Mr Knight said Delaney's problems started in 2004 when he lost his job in Buckinghamshire as a chef along with his accommodation.

He headed back to Sussex where he had previously lived in order to find work, but when he was unable to find a job he started using the airport as a place to stay.

In November last year he bought a tent and a sleeping bag but it was burnt down and Delaney has not been able to buy replacements.

He said: "It is an offence borne out of desperation. He does not want to continue living like this."

Judge Hayward told Delaney he needed help to break the cycle of returning to the airport.

The judge adjourned sentence for pre-sentence reports in order for the probation service to try to offer help. But he told Delaney he was not releasing him on bail.

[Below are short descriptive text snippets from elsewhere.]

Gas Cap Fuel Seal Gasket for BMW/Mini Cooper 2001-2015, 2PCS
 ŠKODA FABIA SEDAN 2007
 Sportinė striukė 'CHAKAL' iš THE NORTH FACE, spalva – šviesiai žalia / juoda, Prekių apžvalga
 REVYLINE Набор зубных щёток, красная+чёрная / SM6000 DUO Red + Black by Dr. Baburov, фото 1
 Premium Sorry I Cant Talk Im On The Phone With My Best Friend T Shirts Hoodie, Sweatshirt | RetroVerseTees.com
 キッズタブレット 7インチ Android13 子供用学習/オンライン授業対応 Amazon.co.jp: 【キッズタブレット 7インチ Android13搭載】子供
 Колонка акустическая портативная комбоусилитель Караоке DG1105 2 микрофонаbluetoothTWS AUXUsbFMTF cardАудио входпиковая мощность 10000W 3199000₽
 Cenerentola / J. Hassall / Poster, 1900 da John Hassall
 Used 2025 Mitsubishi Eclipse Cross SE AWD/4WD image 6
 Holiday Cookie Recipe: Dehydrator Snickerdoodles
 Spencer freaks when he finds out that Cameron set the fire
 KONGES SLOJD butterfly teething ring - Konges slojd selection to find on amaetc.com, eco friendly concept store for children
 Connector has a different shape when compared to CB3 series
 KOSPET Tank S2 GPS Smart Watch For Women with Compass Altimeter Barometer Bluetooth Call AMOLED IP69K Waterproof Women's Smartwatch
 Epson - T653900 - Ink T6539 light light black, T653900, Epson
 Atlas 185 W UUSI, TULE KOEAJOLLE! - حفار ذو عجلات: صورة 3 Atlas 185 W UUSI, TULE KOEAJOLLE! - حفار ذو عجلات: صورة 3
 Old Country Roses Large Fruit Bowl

He said: "If I give you bail you have nowhere to go and the temptation to end up back at Gatwick would be overwhelming."

Delaney was remanded in custody until March 10.

The Argus last week revealed a bizarre situation across Sussex in which local authorities, following Government guidelines, are claiming tiny numbers of people actually live on the county's streets. The department for Communities and Local Government defines a rough sleeper as someone "sleeping or bedded down in the open air, such as on the streets or in parks, doorways or bus shelters".

Anybody not lying down asleep in a sleeping bag is not counted. Under that rationale Crawley Borough Council said there are fewer than 10 rough sleepers in the district.

Paul Young, founder of Brighton-based homeless charity Off the Fence, said: "It's a sad situation when someone feels sleeping in an airport is the only option.

"However it is understandable when the weather is so cold on the streets.

"I'm surprised he got away with it for so long, he almost has squatters rights after that length of time."

A spokeswoman for Gatwick airport declined to comment.

In the film The Terminal, Tom Hanks plays an Eastern European tourist who becomes a resident of New York airport when a war breaks out and erases his country from the map, voiding his passport.